John Bentham Dinsdale, 20th Century

Details
John Bentham Dinsdale, 20th Century
The Tea Clipper Thermopylae
signed 'John Bentham Dinsdale' and signed and inscribed on the reverse 'The Thermopylae/Built in 1868 by W. Hood of Aberdeen/for George Thompson owner of the White Star/line. Used for the China trade and on/the Australia run. Known as the Green Clipper/because of her colour. In1868-69 she made a record run to Australia in 61 days./Op.N.979/John Bentham-Dinsdale'
oil on canvas
20 x 30in. (51 x 76cm.)

Lot Essay

Thermopylae was built in Walter Hook's yards in Aberdeen in 1868, to the order of George Thompson & Co of London. Designed by Bernard Waymouth, she was 212 feet long and registered at 947 tons. A splendid sea boat, she was fast in any weather and especially quick at going to windward. Launched on 19 August 1868, she sailed from Gravesend on her maiden voyage to Melbourne on 7 November the same year. Anchoring in Port Phillip after a record run of 60 days (pilot), she went straight on to Newcasle, NSW, to load cargo for Shanghai crossing the Pacific in another record passage of 28 days, she then proceeded to Foochow to load tea. In the race home, she narrowly missed setting the record time for the year, and this first voyage set the standard for her entire career. Continuing to make extremely fast passages throughout the 1870s, she loaded her final tea cargo at Foochow in 1881, before being transferred to the Australian wool route. During the 1880, she frequently raced her old tea-trade rival Cutty Sark from Sydney to London, via Cape Horn. Her best passage was 76 days in 1882, although Cutty Sark, who revelled in the stronger winds of the southern hemisphere, was generally quicker.
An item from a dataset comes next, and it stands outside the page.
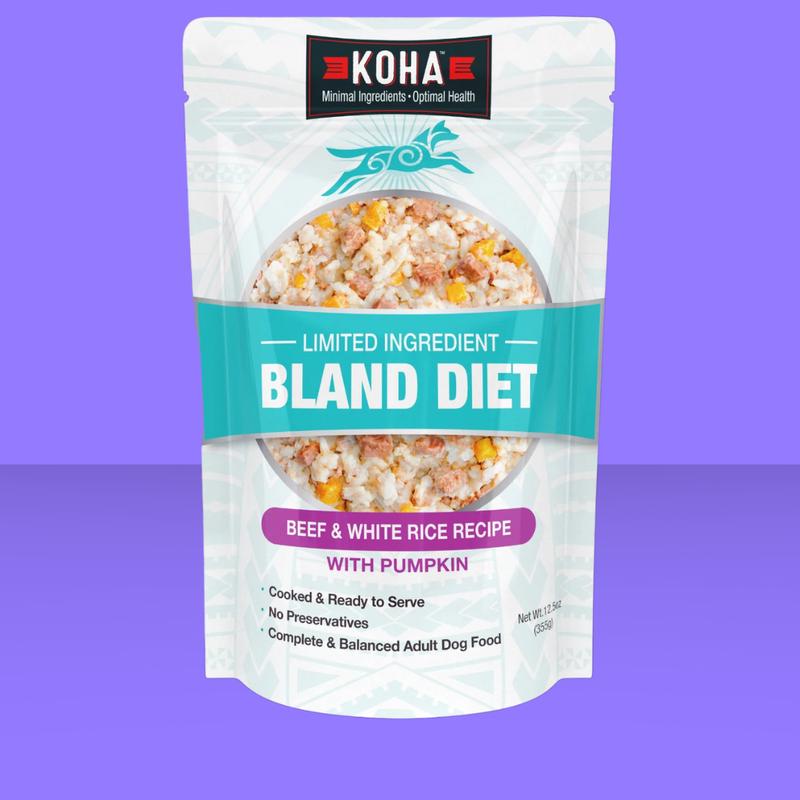 Koha Bland Diet Beef & Rice 12.5oz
In 1890 Thermopylae was sold to Canadian owners for 5,000 pounds sterling and from 1892 to 1895 she was used in the trans-Pacific trade. In 1896 she was resold to the Portuguese Government, renamed Pedro Nunes and put to work as a training ship. Her condition deteriorated gradually and by 1907 her working life was over. On 13 October that year, she was towed out of the Tagus into the open sea and sunk by gunfire; it was a sad and for such a thoroughbred as she. Considered by many to have been the fastest clipper of them all, there were even those who believed her to be the fastest sailing vessel ever launched. Whatever the truth of the claims, she was - and has remained - one of the legends of the age of sail.